How do you move forward?

Acceptance. We need to accept that this is a complex reality and a law of the universe. We’re a small fish in the ocean that can get swept up by a wave at any moment. However, we cannot let a fear of the unknown become a form of paralysis that inhibits us from living our lives. A fish still has to try to find food and avoid predators. It might get swept up by the ocean and face a hungry shark or find a nice meal and a safe place to rest.

Try, and you might fail. Don’t try, and you’ll definitely fail.

Gratitude. It’s important to be grateful and savor each boring and monotonous day. It’s easy to feel restless and trapped when living our lives and dealing with the myriad of responsibilities and expectations placed upon us. However, a dull day is a good day. Each day

Perspective. When dealing with small nuisances or when narrowly avoiding a disaster, it can be easy to overreact and hard to shake off the fear that comes with it. For example, last week, my grandmother fell in the bathtub, and while she managed to avoid a serious injury, I couldn’t help but get caught up in wondering what would have happened if she hit her head while falling. For a while, I was disturbed by this thought. By default, I jumped into solution-seeking mode and insisted my grandma get an anti-slip mat for the tub. I was trying to control the situation by exploring solutions to prevent this from happening again.

However, maybe she was just meant to have something like this happen to her, and not having an anti-slip mat was just an excuse. She could have fallen down the stairs or slipped outside on a snowy day while attending a doctor’s appointment. What would I have done then? If something’s meant to happen, it’s going to happen. When I recognized this, I decided to shift my focus. Instead of reflecting on what could have happened, I cultivated a mindset of gratitude and thanked God that she was fine.

Taming your fear. Fear is rooted in either a dependency or an attachment, and it rears its ugly head when something unexpected happens. For example, a child is emotionally and physically dependent on their parent. If something happens to the child (e.g., they get lost in a big store), it results in an overwhelming sense of fear. What will happen to me? How will I get home? What if I never find my mom? Once they find their mother, they will latch onto her and never want to let go. They’ll hug her, squeeze her hand tightly, and the next time they call her, if she doesn’t respond right away, they’ll relive that emotional trauma from when they were lost in the store.

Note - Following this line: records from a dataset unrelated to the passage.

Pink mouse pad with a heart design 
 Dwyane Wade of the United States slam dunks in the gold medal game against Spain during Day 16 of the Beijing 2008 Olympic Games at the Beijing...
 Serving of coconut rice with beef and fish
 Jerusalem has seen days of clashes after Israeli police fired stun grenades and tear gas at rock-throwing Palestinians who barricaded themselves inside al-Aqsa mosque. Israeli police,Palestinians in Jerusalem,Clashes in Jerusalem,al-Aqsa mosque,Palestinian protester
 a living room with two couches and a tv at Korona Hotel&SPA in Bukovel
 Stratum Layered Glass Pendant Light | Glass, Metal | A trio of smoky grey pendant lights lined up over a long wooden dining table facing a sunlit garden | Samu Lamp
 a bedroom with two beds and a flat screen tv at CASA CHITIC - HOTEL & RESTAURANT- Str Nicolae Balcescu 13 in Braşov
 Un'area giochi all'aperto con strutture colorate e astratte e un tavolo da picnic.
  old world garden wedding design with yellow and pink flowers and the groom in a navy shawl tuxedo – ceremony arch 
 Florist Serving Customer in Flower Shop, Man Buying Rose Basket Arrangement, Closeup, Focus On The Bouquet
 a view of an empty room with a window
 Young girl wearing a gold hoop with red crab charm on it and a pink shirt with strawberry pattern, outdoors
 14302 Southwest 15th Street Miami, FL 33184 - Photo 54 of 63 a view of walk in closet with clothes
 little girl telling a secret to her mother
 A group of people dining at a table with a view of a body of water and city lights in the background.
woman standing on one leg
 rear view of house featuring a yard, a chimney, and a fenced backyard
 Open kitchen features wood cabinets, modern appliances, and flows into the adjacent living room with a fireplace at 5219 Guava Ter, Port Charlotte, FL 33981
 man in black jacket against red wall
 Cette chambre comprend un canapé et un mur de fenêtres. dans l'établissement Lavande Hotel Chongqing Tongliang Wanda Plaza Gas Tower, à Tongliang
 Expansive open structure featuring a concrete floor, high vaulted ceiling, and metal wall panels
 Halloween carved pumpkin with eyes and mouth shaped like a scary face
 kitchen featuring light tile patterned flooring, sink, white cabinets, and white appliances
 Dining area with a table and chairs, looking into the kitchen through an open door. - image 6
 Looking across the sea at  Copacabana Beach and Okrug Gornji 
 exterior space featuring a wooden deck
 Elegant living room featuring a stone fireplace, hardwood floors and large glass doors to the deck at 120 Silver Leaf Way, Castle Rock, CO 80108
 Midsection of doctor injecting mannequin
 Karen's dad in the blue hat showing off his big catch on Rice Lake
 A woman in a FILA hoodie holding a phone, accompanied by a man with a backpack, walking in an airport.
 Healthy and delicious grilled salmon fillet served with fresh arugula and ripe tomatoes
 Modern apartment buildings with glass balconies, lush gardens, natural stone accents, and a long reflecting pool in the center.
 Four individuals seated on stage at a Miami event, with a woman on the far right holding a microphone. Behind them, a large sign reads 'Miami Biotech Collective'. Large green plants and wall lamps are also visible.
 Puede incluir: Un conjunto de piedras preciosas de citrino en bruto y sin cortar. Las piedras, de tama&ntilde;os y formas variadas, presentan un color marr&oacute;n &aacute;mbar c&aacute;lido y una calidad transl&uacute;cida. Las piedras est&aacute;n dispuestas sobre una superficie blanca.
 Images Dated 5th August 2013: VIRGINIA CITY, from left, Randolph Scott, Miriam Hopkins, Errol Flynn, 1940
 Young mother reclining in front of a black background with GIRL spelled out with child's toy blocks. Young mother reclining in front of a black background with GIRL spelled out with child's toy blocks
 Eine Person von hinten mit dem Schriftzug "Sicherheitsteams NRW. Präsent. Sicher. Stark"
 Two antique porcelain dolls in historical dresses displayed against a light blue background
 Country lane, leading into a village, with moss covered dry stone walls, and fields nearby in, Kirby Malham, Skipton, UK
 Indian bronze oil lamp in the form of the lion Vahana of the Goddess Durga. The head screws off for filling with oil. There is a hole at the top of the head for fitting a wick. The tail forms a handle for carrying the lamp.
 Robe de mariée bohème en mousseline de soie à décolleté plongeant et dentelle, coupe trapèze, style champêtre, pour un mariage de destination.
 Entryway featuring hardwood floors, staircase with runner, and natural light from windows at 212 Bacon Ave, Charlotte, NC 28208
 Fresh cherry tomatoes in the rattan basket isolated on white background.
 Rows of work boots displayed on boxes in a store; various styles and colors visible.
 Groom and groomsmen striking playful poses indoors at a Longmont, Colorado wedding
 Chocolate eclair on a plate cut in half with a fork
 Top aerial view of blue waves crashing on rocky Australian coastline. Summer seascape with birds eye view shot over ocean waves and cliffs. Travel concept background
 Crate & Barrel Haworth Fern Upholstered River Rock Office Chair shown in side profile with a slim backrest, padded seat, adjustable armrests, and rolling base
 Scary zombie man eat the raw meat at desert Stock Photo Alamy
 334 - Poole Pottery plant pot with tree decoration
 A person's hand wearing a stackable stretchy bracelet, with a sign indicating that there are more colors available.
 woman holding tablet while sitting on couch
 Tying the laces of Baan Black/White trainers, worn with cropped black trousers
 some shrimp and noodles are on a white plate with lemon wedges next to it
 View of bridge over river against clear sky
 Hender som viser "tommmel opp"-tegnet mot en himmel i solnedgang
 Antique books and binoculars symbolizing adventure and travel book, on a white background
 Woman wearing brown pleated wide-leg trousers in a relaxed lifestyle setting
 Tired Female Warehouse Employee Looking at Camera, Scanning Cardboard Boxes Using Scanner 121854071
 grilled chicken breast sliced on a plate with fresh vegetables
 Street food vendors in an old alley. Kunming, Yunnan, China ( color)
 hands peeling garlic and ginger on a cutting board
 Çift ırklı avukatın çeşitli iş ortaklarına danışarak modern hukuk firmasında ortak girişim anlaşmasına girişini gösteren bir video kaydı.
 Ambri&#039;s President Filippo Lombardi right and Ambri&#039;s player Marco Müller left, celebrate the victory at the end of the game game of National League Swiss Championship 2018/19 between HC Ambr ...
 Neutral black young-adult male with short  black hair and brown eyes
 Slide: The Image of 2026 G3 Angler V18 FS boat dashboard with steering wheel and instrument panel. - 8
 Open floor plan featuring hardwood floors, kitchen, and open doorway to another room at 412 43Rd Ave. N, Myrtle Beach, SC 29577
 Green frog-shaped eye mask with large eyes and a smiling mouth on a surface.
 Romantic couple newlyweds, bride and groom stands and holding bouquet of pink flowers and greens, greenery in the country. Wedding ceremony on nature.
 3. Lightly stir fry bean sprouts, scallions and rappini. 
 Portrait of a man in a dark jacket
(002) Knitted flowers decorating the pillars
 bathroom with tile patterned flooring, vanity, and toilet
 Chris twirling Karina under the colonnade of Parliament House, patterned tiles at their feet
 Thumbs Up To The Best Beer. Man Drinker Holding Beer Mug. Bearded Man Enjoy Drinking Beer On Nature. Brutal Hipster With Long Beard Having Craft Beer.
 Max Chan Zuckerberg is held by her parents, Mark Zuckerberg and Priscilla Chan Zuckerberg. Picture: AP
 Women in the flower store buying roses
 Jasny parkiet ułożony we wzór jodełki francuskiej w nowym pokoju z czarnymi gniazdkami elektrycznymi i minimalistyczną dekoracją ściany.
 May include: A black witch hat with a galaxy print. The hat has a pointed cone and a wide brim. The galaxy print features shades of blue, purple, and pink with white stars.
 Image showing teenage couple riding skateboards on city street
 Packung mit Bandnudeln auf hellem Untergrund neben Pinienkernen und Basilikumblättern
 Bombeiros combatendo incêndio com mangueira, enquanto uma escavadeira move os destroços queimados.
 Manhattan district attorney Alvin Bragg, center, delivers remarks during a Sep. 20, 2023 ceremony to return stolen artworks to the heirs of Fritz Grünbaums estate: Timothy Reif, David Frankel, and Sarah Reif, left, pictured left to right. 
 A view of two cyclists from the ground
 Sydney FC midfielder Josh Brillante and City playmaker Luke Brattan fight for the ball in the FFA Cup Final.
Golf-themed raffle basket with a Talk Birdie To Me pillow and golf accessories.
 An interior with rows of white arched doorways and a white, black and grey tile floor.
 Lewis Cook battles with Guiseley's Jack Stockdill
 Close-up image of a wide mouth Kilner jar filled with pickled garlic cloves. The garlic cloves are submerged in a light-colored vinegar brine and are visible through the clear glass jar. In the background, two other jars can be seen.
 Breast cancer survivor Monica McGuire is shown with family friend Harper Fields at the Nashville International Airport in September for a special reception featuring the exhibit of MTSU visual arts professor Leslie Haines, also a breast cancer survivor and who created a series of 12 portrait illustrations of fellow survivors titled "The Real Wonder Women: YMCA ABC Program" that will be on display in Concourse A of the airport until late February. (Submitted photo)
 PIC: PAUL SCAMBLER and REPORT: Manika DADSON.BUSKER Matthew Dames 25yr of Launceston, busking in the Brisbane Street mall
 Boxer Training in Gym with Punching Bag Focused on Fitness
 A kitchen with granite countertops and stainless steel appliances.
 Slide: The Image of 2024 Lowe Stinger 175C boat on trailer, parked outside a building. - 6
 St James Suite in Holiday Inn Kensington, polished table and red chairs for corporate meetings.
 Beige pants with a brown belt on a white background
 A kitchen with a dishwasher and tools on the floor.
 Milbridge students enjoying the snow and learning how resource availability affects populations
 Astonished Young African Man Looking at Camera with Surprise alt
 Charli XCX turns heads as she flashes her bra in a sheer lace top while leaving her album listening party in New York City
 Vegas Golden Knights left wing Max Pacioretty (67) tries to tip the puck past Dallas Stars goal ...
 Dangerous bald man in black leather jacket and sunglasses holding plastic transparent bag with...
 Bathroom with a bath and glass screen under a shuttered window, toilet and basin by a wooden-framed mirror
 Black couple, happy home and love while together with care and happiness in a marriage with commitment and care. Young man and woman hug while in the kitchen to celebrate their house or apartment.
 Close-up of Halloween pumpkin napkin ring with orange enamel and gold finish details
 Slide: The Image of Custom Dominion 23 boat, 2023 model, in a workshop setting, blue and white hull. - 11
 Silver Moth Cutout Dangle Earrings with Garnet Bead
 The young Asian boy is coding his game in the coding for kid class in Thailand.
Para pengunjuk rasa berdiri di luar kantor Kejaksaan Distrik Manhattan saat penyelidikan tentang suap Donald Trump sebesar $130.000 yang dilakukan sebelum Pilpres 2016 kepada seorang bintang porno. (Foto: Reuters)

From an evolutionary standpoint, it is healthy and beneficial for a child to always know where their parent is. However, we carry this type of mindset into adulthood, where it becomes counterproductive. Overbearing parents and clingy spouses are born from dependencies and attachments. For this, we need to practice a healthy detachment. This doesn’t mean you stop loving your family, but you have to be okay with letting go. You can’t bubble wrap all your loved ones and keep them in your sight 24/7.

Final words…

At the end of the day, we have to accept and get comfortable with the idea that life doesn’t go the way we plan it. In the blink of an eye, your life can change for the worse (or the better). While scary, recognizing that you have little control over your life can also be freeing. You’re not Superman, and you do not have to take on the responsibility of saving the universe. You’re just a small fish in a vast ocean trying to do its job.